**Record set**
□ □ □
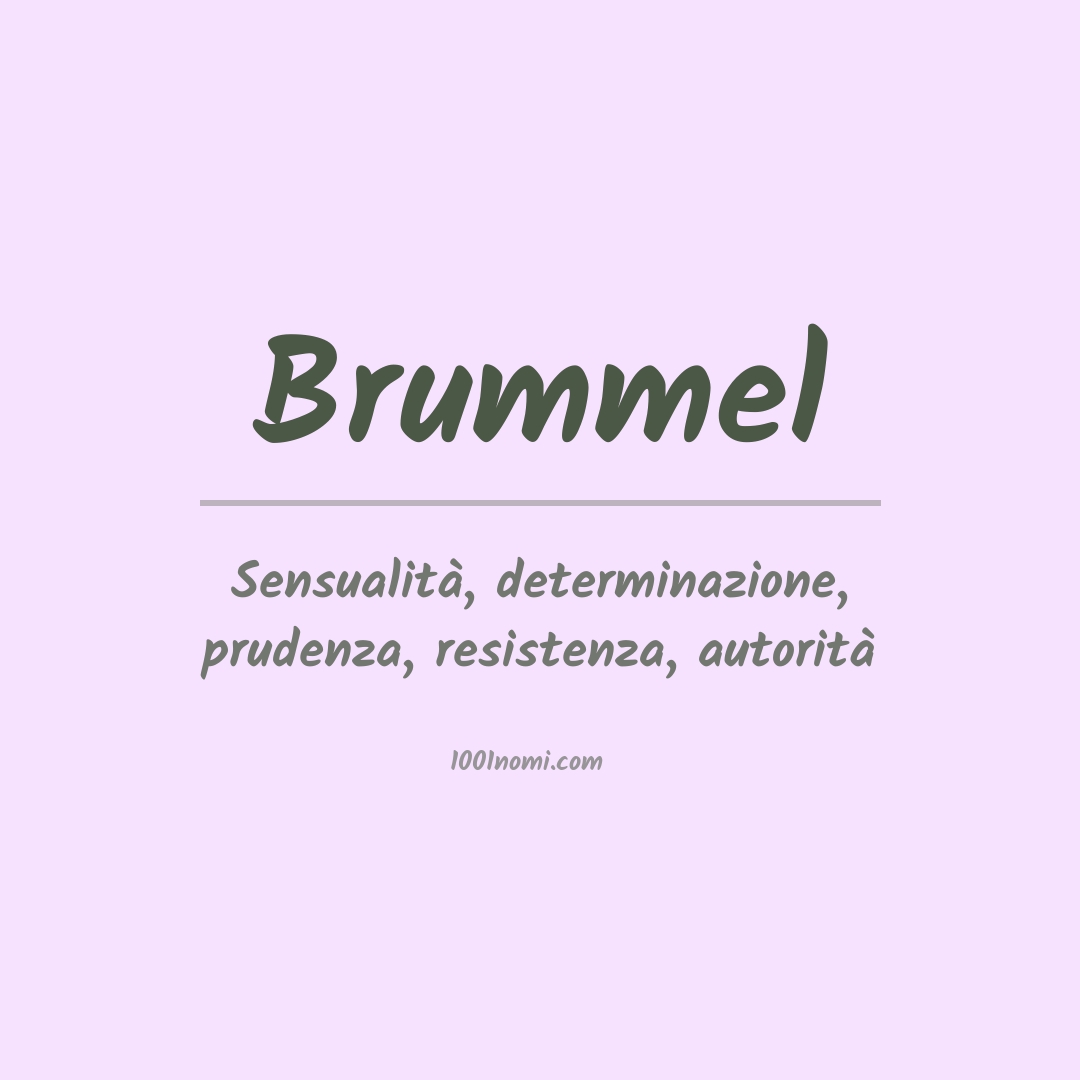 Significato del nome Brummel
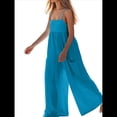 thumbnail image 2 of de Verano para Mujer, de una Pieza, con Tirantes Finos y Pierna , con Bolsillos Azul M, 2 of 8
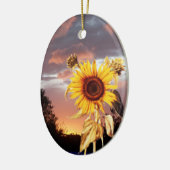 SUNFLOWER EN PINK SUMMER SUNSET KERAMISCH ORNAMENT (Links)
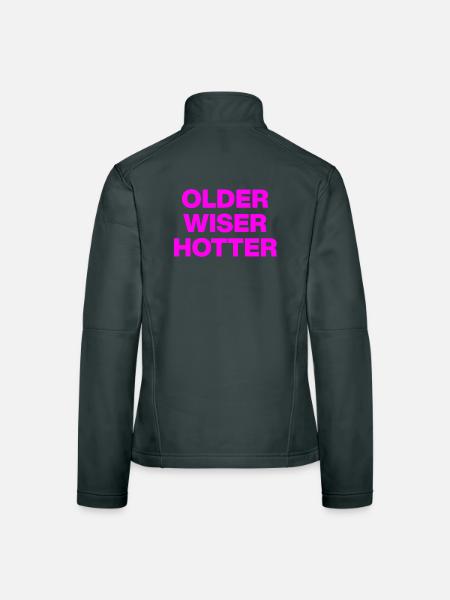 PLUS VIEUX, PLUS SAGE PLUS SEXY, CADEAU D’ANNIVERSAIRE - Veste en tissu softshell Femme - noir - Dos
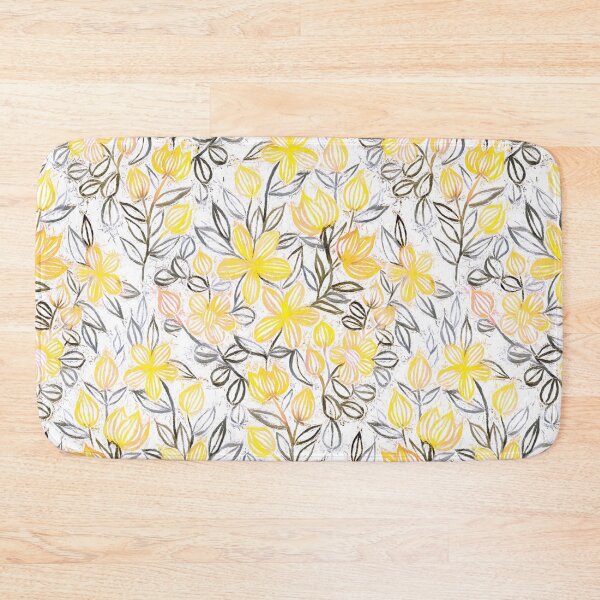 Item preview, Sunny Yellow Crayon Striped Summer Floral designed and sold by micklyn.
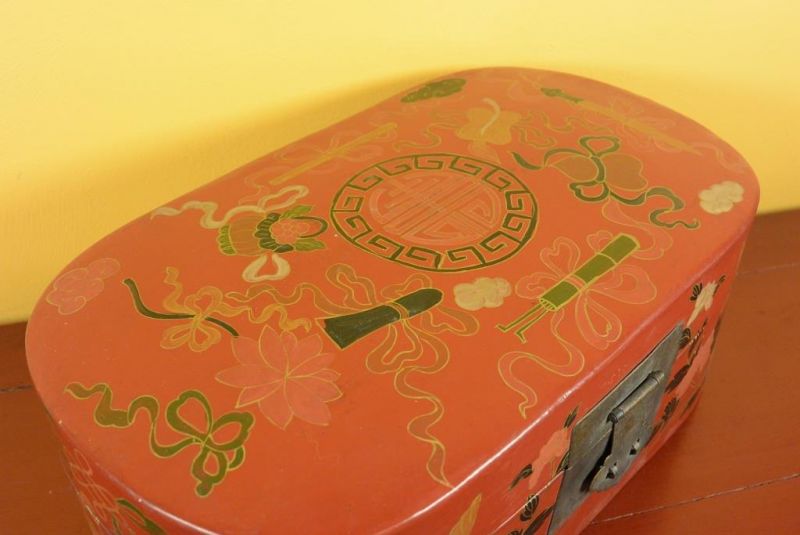 Cliquez sur la vignette pour agrandir et survolez la photo pour zoomer Boite en Laque Chinoise - Rouge 3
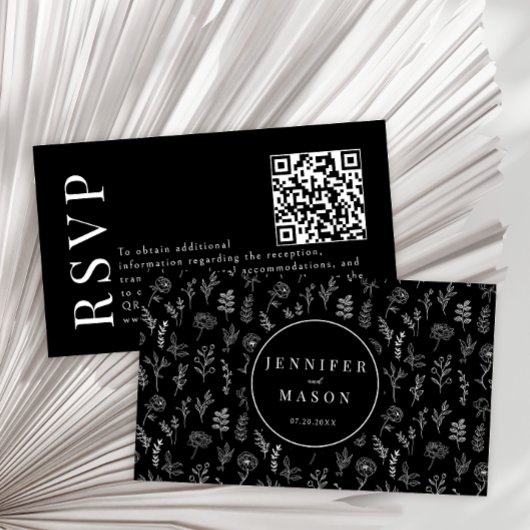 Noir floral moderne mariage RSVP QR cartes de code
□ □ □
**What you are asked to do**
Copy exactly the lines running from the beginning of the listing through the line that has "SUNFLOWER EN PINK". Drop the pictures.

**Expected answer**
 Significato del nome Brummel
 thumbnail image 2 of de Verano para Mujer, de una Pieza, con Tirantes Finos y Pierna , con Bolsillos Azul M, 2 of 8
 SUNFLOWER EN PINK SUMMER SUNSET KERAMISCH ORNAMENT (Links)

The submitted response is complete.